### Material to process
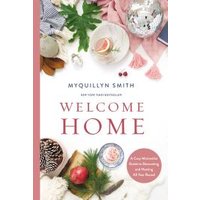 "Welcome Home book by Myquillyn Smith, featuring cozy home decor items like pinecones, leaves, and ornaments on the cover"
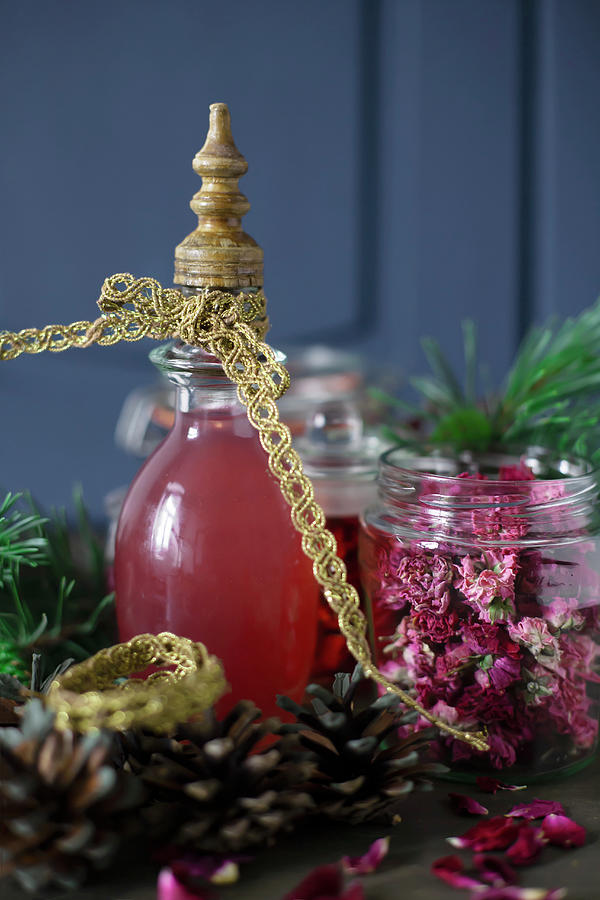 Christmas Photograph - Homemade Liqueur And Dried Flowers In Jars As Christmas Presents by Alicja Koll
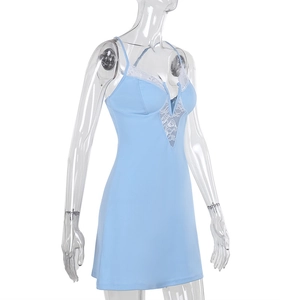 Detailed view of the delicate white lace trim on the light blue V-neck mini dress
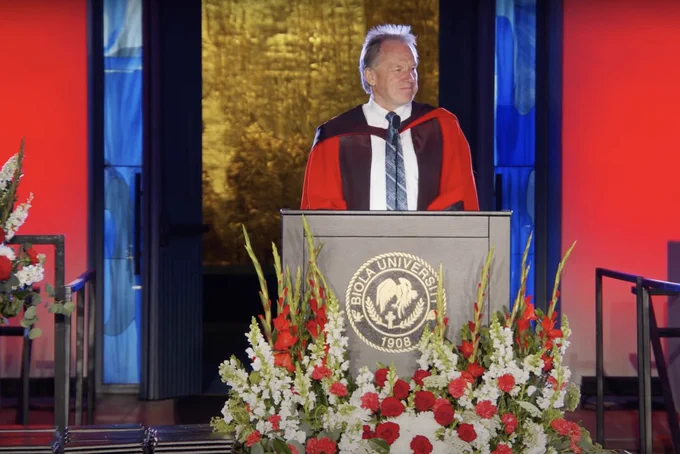 Dean speaking at ceremony.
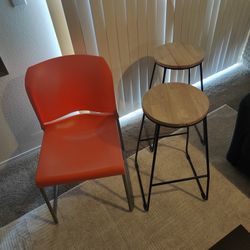 2 Bar Stools And A Bright Orange Chair (Does Not Have To Be Sold Together)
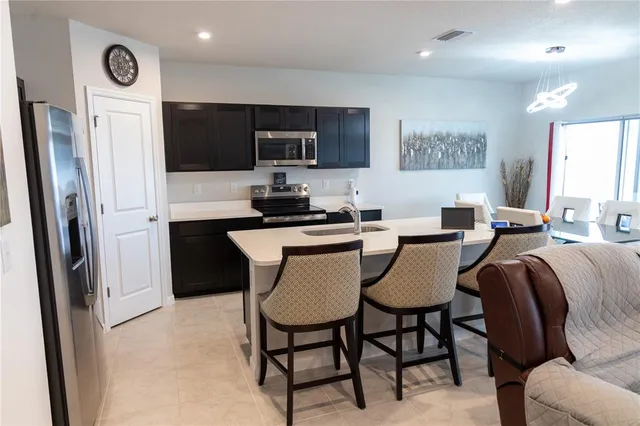 a dining room with stainless steel appliances a table chairs and a refrigerator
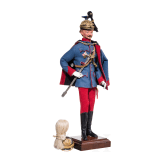 A miniature figure of an officer in the Austro-Hungarian Uhlan Regiment No. 5 and a miniature helmet, 20th century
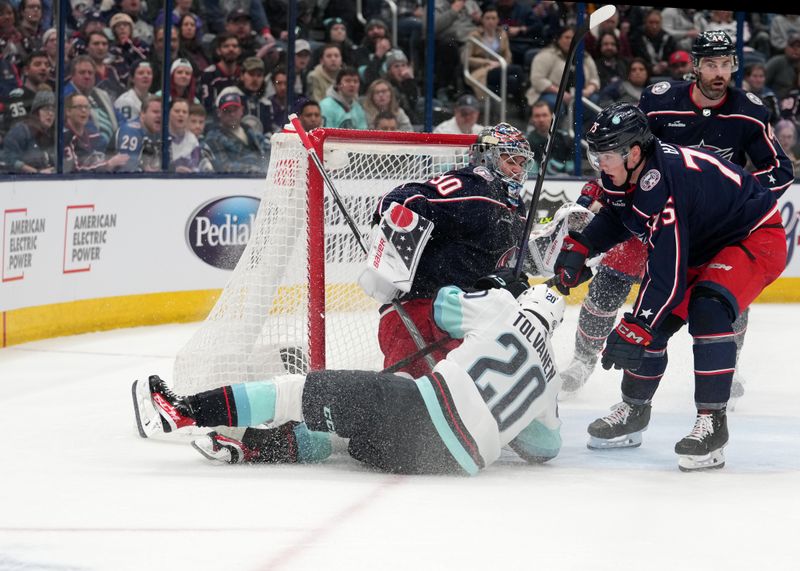 Mar 3, 2023; Columbus, Ohio, USA; Seattle Kraken right wing Eeli Tolvanen (20) crashes into Columbus Blue Jackets goaltender Elvis Merzlikins (90) during the first period at Nationwide Arena. Mandatory Credit: Jason Mowry-USA TODAY Sports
######
Without the pictures, please output every record exactly.

 "Welcome Home book by Myquillyn Smith, featuring cozy home decor items like pinecones, leaves, and ornaments on the cover"
 Christmas Photograph - Homemade Liqueur And Dried Flowers In Jars As Christmas Presents by Alicja Koll
 Detailed view of the delicate white lace trim on the light blue V-neck mini dress
 Dean speaking at ceremony.
 2 Bar Stools And A Bright Orange Chair (Does Not Have To Be Sold Together)
 a dining room with stainless steel appliances a table chairs and a refrigerator
 A miniature figure of an officer in the Austro-Hungarian Uhlan Regiment No. 5 and a miniature helmet, 20th century
 Mar 3, 2023; Columbus, Ohio, USA; Seattle Kraken right wing Eeli Tolvanen (20) crashes into Columbus Blue Jackets goaltender Elvis Merzlikins (90) during the first period at Nationwide Arena. Mandatory Credit: Jason Mowry-USA TODAY Sports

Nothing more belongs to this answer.